Tra Metrò e Ruggi il mercoledì da leoni di Stefano Caldoro

Scritto da , 16 maggio 2013

Tutti s’attendevano la firma che avrebbe dovuto mettere fine alla vicenda metropolitana a Salerno. Un annuncio partito direttamente dal capoluogo la sera prima ma smentito fin dalle prime ore di ieri mattina, quando è iniziata la lunga giornata del Governatore  Stefano Caldoro alle prese con due casi Salerno: il metrò e la nomina del nuovo manager del Ruggi d’Aragona. Ma andiamo con ordine.
Metropolitana. Il Comune di Salerno ha firmato l’accordo con la società Rfi ed il Ministero dei Trasporti e Infrastrutture per l’avvio dell’iter che dovrebbe portare alla partenza del primo treno del Metrò di Salerno. Ma allo stato manca la firma della Regione, annunciata per ieri mattina ma di fatto – fanno sapere da Palazzo Santa Lucia – mai concordata. Questione di soldi. Questo bloccherebbe le trattative finali, tutte rinviate di qualche giorno. Forse, annunciano i più ottimisti, la stipula potrebbe avvenire già a fine settimana ma attraverso un percorso (anche politico) certo e chiaro. Caldoro a quanto pare ha fatto scendere in campo direttamente il Ministro Lupi (che ieri ha incontrato a Roma insieme all’assessore regionale ai trasporti Sergio?Vetrella, proprio per discutere del trasporto pubblico locale dell’intera regione Campania), che sarà a Napoli venerdì. Probabilmente proprio alla presenza di Lupi potrebbe concludersi la partita. Anche perché il Governo dovrebbe consentire al bilancio regionale di spingersi un po’ più in là in termini di capacità di spesa, proprio per coprire la somma utile (si parla di 2 milioni di euro 22 coppie di treni e 3 milioni di euro con 30 coppie di mezzi) per l’avvio della metropolitana. Spesa, fanno sapere, che sarebbe dovuta essere accollata dall’amministrazione comunale. Come avviene nelle altre città dove c’è la metropolitana leggera.  L’unico dato certo, al momento, resta l’intesa, sancita presso Rete ferroviaria italiana  a Roma, dai rappresentanti Rfi e Comune di Salerno per l’attivazione del servizio ferroviario di trasporto pubblico sulla tratta Stazione Centrale Salerno – Stadio Arechi. L’accordo, nello specifico, prevede l’attivazione del servizio a partire dal prossimo mese di novembre, consentendo un significativo potenziamento del trasporto pubblico su ferro nell’area salernitana, nel quadro del sistema metropolitano regionale. Tutto questo naturalmente se la Regione troverà i soldi per l’attivazione e una prima risposta si potrebbe avere venerdì con l’arrivo del Ministro Lupi. 
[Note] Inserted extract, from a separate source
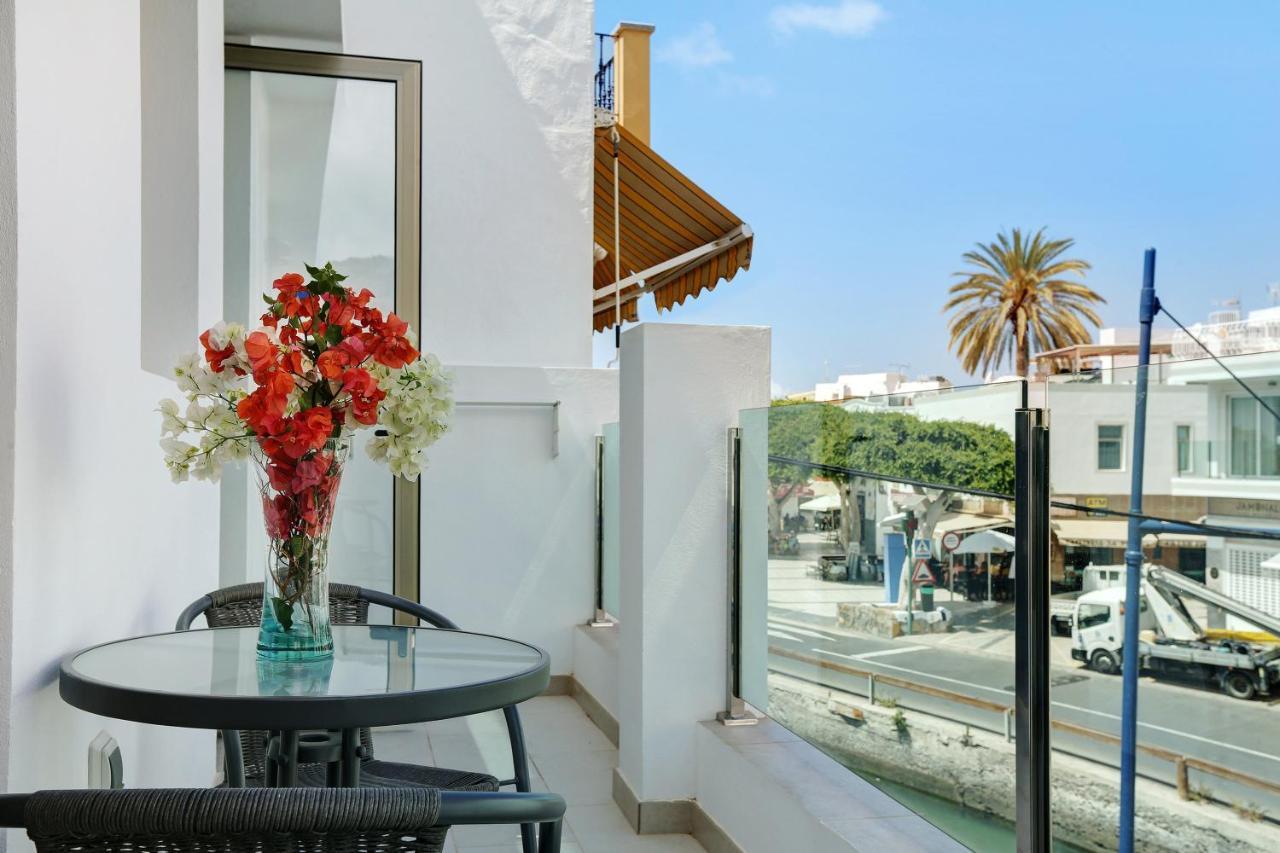 Albamar 1A Apartment Puerto De Mogan Bagian luar foto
Vicenda Ruggi d’Aragona. Dal Tar di Salerno nessuna condizione: l’ultima ordinanza cautelare resta in piedi così come la decadenza del manager dell’ospedale di via San Leonardo Elvira Lenzi. Una notizia che di certo ha complicato la giornata già caotica del Governatore, conclusasi solo in serata con il commissariamento dell’ospedale di Salerno e con la nomina della Lenzi commissario (altri servizi in pagina) .
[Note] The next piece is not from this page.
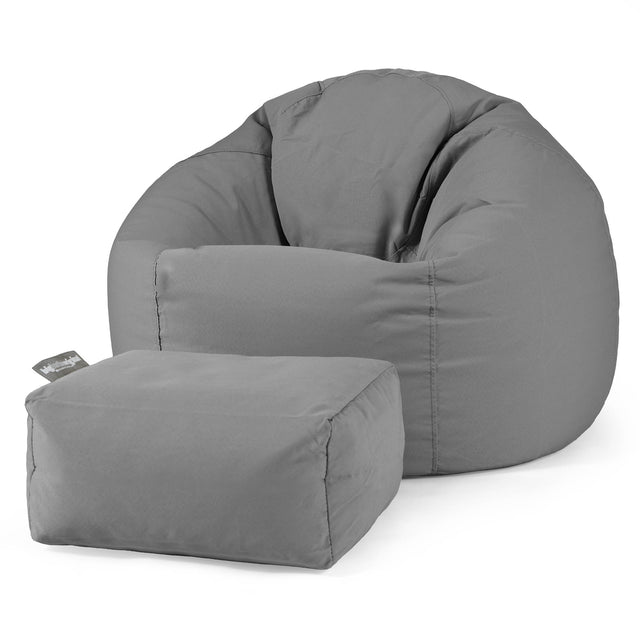 SoleiStorm™ Ultra 2000 h+ Klasický sedací pytel - Olefin Středně šedá 02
Il puzzle dell’esecutivo. All’orizzonte non mancano poi gli altri problemi di carattere politico con equilibri da mantenere. Come il caso della giunta regionale da completare, dopo le dimissioni del vicepresidente Giuseppe De Mita, eletto a Montecitorio. Certo prima di procedere all’assegnazione delle nuove deleghe pare che Caldoro attenda le dimissioni dell’altro neo onorevole, Marcello Taglialatela, che ancora mantiene l’incarico di assessore regionale all’urbanistica.